In creative endeavors, continuous practice and improvement is essential to growth, particularly if you're looking for rapid growth.
The late Robert Genn of The Painter's Keys once wrote, "We're all familiar with the problems associated with Sunday Painters. Cranking up the old machine once a week may be okay in the vintage car hobby--but it's bad news in the creativity game. The steady worker who applies his craft daily is more likely to make creative gains than an intermittent one." If this "law" of creativity weren't true we could all just recline by the pool for four days a week and go to work on Friday and complete our responsibilities with a tremendous blast of productivity. But life doesn't work that way and trying to work against the natural law of creativity would make as much sense as passing a resolution to skip winter. While we're at it, why don't we just make life easier for all those scientists and just round off pi to the next whole number? Unfortunately, practicing our craft daily can be quite a challenge. Real life intervenes for so many of us. I think, for those who are serious about making strides in their art (which probably includes everyone reading this newsletter), the old adage is true, "Practice makes perfect." The good news is that a little bit of practice will go a long way. If you're currently a weekend warrior, find ways to hone your craft at least a little bit during the week. Perhaps it's just a sketch pad during your lunch hour...perhaps just a 30 minute study. Creativity begets more creativity so it's critical to maximize the number of times your mind gets in the "zone." In painting, experience can be looked upon as a function of the number of paintings an artist has created. In effect, the more paintings you've done, the more experienced you are. Quality is born from quantity.

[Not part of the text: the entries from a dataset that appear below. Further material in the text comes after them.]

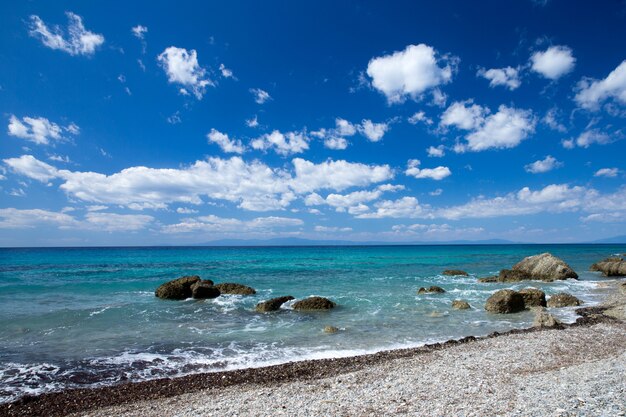 Mer sous le ciel bleu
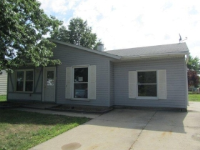 9001 GREENLEAF DR, FORT WAYNE, IN 46819 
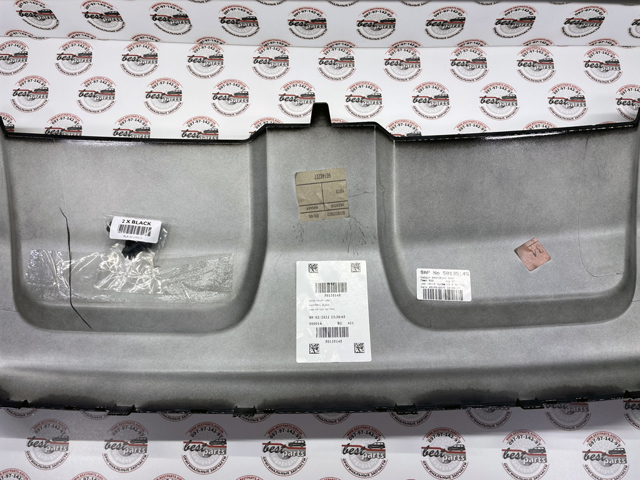 Do koszyka LR059941 Land Rover Zaślepka zderzaka haka holowniczego tylna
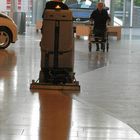 Gegenverkehr in der Shoppingmeile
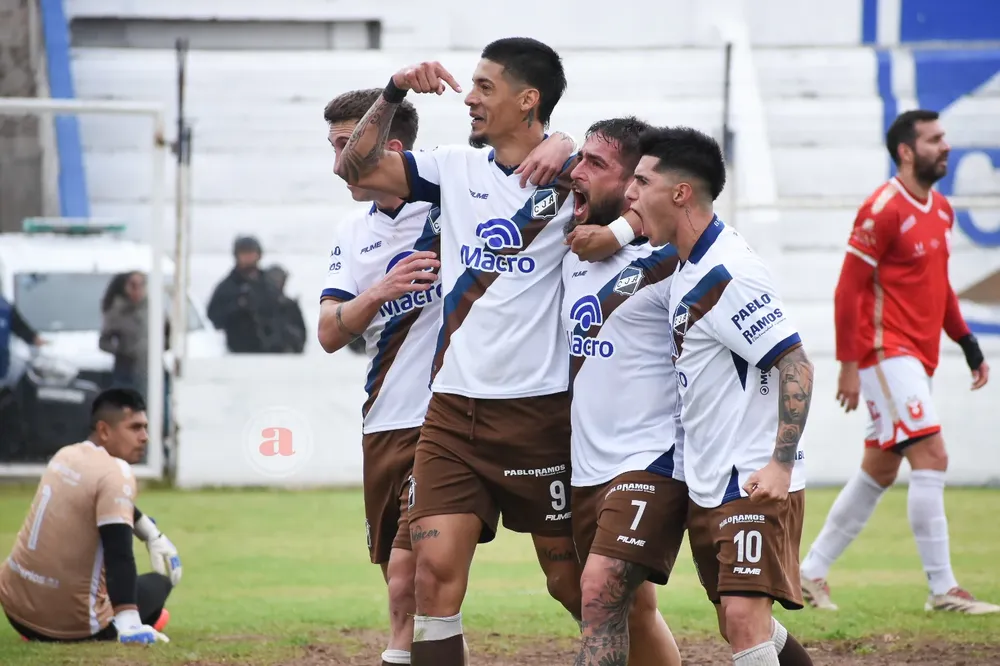 juventud Aries  (54).jpg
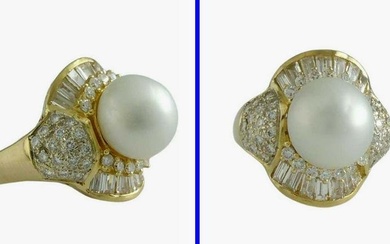 18K GOLD 1.76 cttw DIAMOND 12mm CULTURED PEARL COCKTAIL RING An Outstanding 18K Yellow Gold 1.76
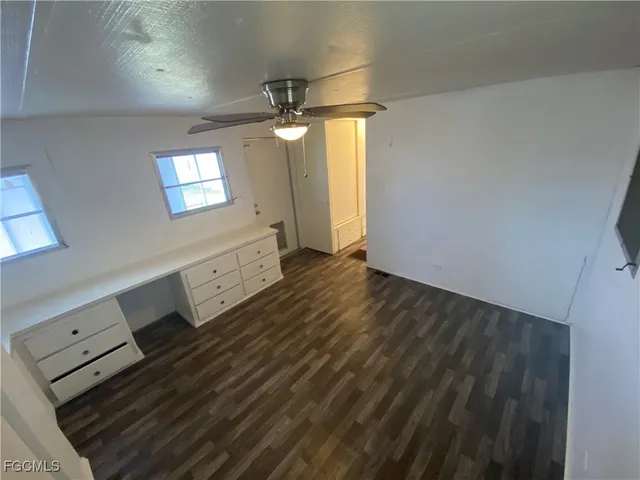 $995 | 139 Amber Avenue, North Fort Myers, FL 33917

In the book, Art and Fear, Ted Orland relates the following story:
The ceramics teacher announced on opening day that he was dividing the class into two groups. All those on the left side of the studio, he said, would be graded solely on the quantity of work they produced, all those on the right solely on its quality. His procedure was simple: on the final day of class he would bring in his bathroom scales and weigh the work of the "quantity" group: fifty pound of pots rated an "A", forty pounds a "B", and so on. Those being graded on "quality", however, needed to produce only one pot - albeit a perfect one - to get an "A".
Well, came grading time and a curious fact emerged: the works of highest quality were all produced by the group being graded for quantity. It seems that while the "quantity" group was busily churning out piles of work - and learning from their mistakes - the "quality" group had sat theorizing about perfection, and in the end had little more to show for their efforts than grandiose theories and a pile of dead clay.

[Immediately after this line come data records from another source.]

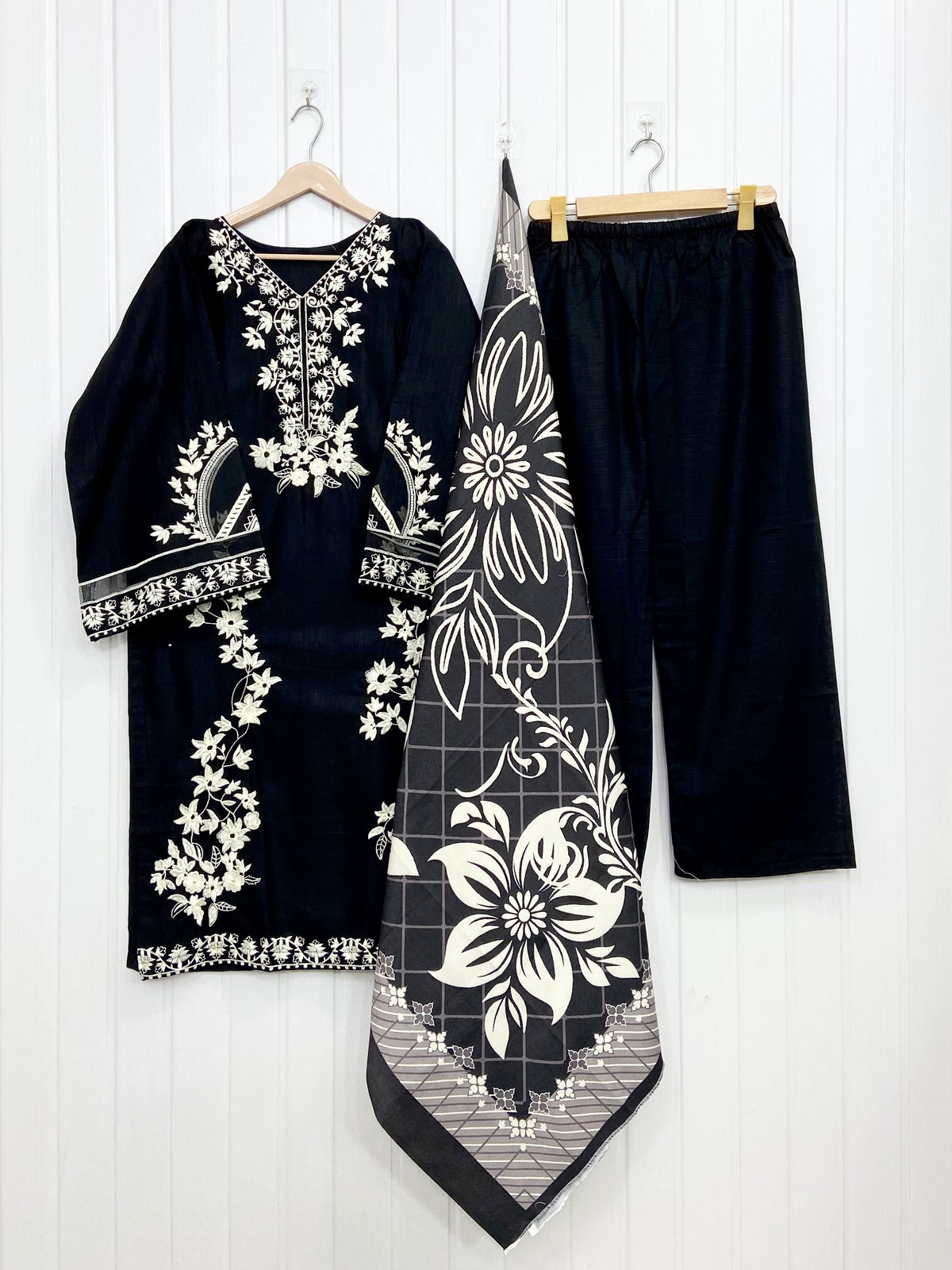 Article No: D-1152 | KHADDAR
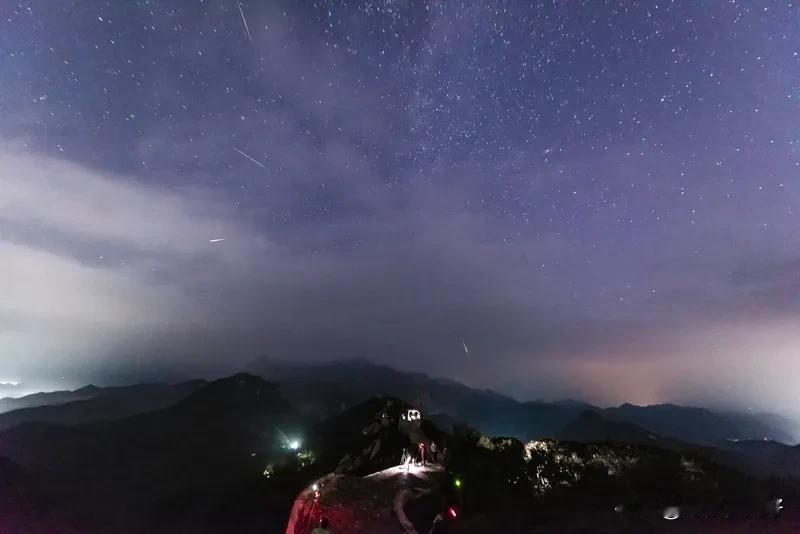 《七律  莫对流星论短长》
莫对流星论短长，月之圆缺自悠扬。
云经沧海音容湿，风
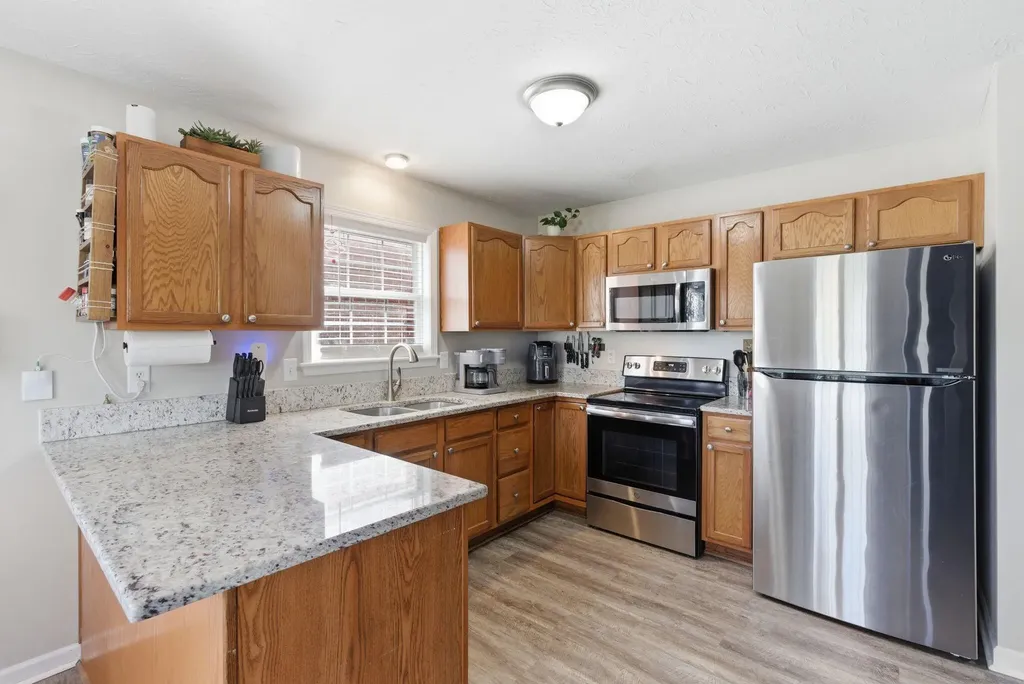 204 Village Drive Frankfort KY 40601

A way to achieve quantity, while working around time constraints, is to work small. Kevin Macpherson recommends working small as a way to gain experience rapidly. In his book, Fill Your Oil Paintings with Light and Color, he wrote "When you step up to a small canvas to try something new every day rather than working and reworking a large painting for weeks, you see progress. You learn to master techniques such as brushwork and texture, which boosts your confidence. Painting on a small scale also forces you to ignore inconsequential details and look for larger shapes, broader color relationships and overall composition. It gives you the ability to look at a scene as a whole." He recommends committing to paint 100 small paintings as a means to rapid growth.
When you get in the creative "zone" more often, you strengthen the neural pathways that allow you to be creative, thus making it easier to be even MORE creative. It's sort of like developing a habit to be creative. Nietzsche identified two different kinds of knowledge. On the one hand you have the things you know from personal experiences and from personal observation, which he called "erfahrung." There are also the abstractions you think you know - the kinds of things that you read about in art books and from viewing the works of others - which he called "wissen." Although wissen teaches us ideas in the intellectual realm, experience based knowledge; erfahrung catapults us up the growth curve so much faster. Trying to become a better painter through wissen alone would be like spending your Sunday watching home improvement television instead of just fixing that leaking faucet. Now that I've given you a bit of wissen on the subject, get out there and get some erfahrung!